124x Slower: What PyTorch DataLoader Actually Does at the Kernel Level

TL;DR

PyTorch’s DataLoader can be 50-124x slower than direct tensor indexing for in-memory GPU workloads. We reproduced a real PyTorch issue on an RTX 4090 and traced every CUDA API call and Linux kernel event to find the root cause. The GPU wasn’t slow – it was starving. DataLoader workers generated 200,000 CPU context switches and 300,000 page allocations in 40 seconds, leaving the GPU waiting an average of 301ms per data transfer that should take microseconds.

The Problem

A PyTorch user reported that DataLoader was 7-22x slower than direct tensor indexing for a simple MLP inference workload. Even with num_workers=12, pin_memory=True, and prefetch_factor=12, the gap remained massive. GPU utilization sat at 10-20%.

We reproduced it. The gap was even worse on our hardware:

MethodTimevs Direct
Direct tensor indexing0.39s1x
DataLoader (shuffle=True)48.49s124x slower
DataLoader (optimized, 4 workers, pin_memory)43.29s111x slower

The workload is trivial: 7M samples, 100 features, 2-layer MLP, batch size 1M. The model processes a batch in milliseconds. So where does the time go?

What nvidia-smi Shows

Nothing useful. GPU utilization flickers between 0% and 30%. Memory usage is stable. Temperature is fine. The GPU is clearly underutilized, but nvidia-smi can’t explain why.

What torch.profiler Shows

The reporter tried PyTorch’s built-in profiler and “obtained no meaningful trace data.” This is a common frustration – application-level profilers can show what CUDA kernels are running, but they cannot see the host-side scheduling, memory, and process lifecycle events that determine whether data arrives at the GPU on time.

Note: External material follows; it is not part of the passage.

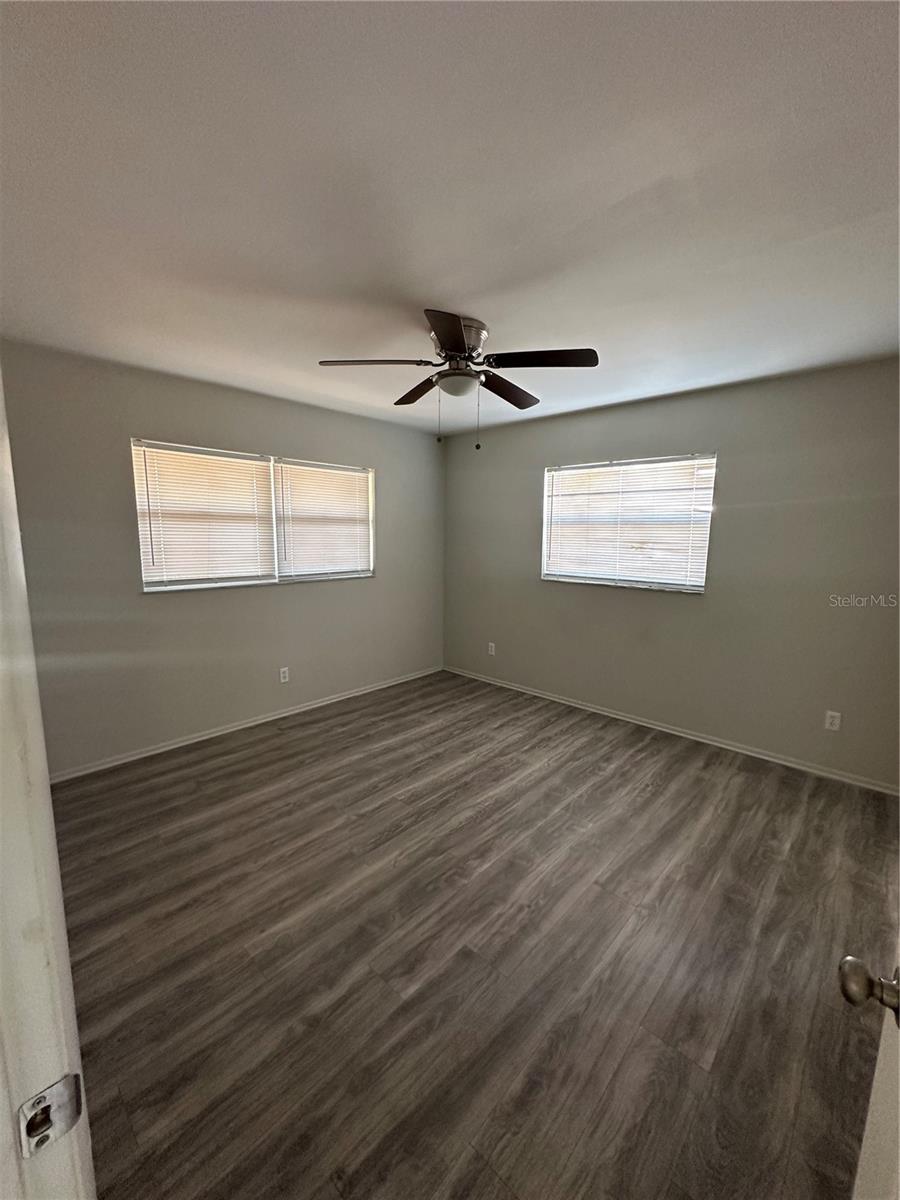 Image 10 of 12 For 1321 Washington Drive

What Kernel-Level Tracing Shows

We ran the benchmark while tracing both CUDA API calls (via eBPF uprobes on libcudart.so) and Linux kernel events (scheduler context switches, memory page allocations, process forks) simultaneously. The results tell the complete story.

4 HIGH-severity causal chains

The causal chain engine detected 4 high-severity patterns, all with the same root cause:

[HIGH] cudaStreamSync p99=42ms (1,638x p50=25µs)  -  CPU 100% + 1,880 sched_switch events
  Timeline:
    [SYSTEM]  CPU 100%
    [HOST  ]  1,880 context switches (21s off-CPU)
    [CUDA  ]  p99=42ms (1,638x p50=25µs)
  Root cause: DataLoader workers fighting for CPU, massive page allocation pressure

[HIGH] cudaLaunchKernel p99=24.67ms (349x p50=70µs)  -  CPU 100%
  Root: 34 sched_switch events

[HIGH] cuMemAlloc p99=627µs (4.0x p50)  -  CPU 100%
[HIGH] cuLaunchKernel p99=106µs (4.0x p50)  -  CPU 100%

The cudaStreamSync p99 is 1,638 times the p50. That’s not GPU slowness – that’s the GPU waiting for data that never arrives on time.

The Per-Process Breakdown

This is where it gets clear. The main process and its 4 DataLoader workers are visible as separate entities:

Main process:

  • cudaMemcpyAsync (host→device transfer): avg 301ms, max 2.9 seconds
  • cudaStreamSync: p99 = 42ms (normally 25µs)
  • 1,567 context switches, avg 16ms off-CPU, worst stall 5 seconds
  • 799,018 page allocations

DataLoader worker 1: 52,863 context switches, 89,338 page allocations, worst stall 5s
DataLoader worker 2: 50,638 context switches, 83,509 page allocations, worst stall 5s
DataLoader worker 3: 49,361 context switches, 70,035 page allocations, worst stall 5s
DataLoader worker 4: 38,862 context switches, 56,354 page allocations, worst stall 5s

Total across workers: ~191,000 context switches and ~299,000 page allocations in 40 seconds.

What This Means

The DataLoader workers are doing three expensive things that direct indexing avoids entirely:

1. Shuffling and indexing. DataLoader with shuffle=True generates a random permutation of indices, then each worker selects its chunk. This requires random memory access across the full 7M-sample tensor – terrible for cache locality and triggers page faults.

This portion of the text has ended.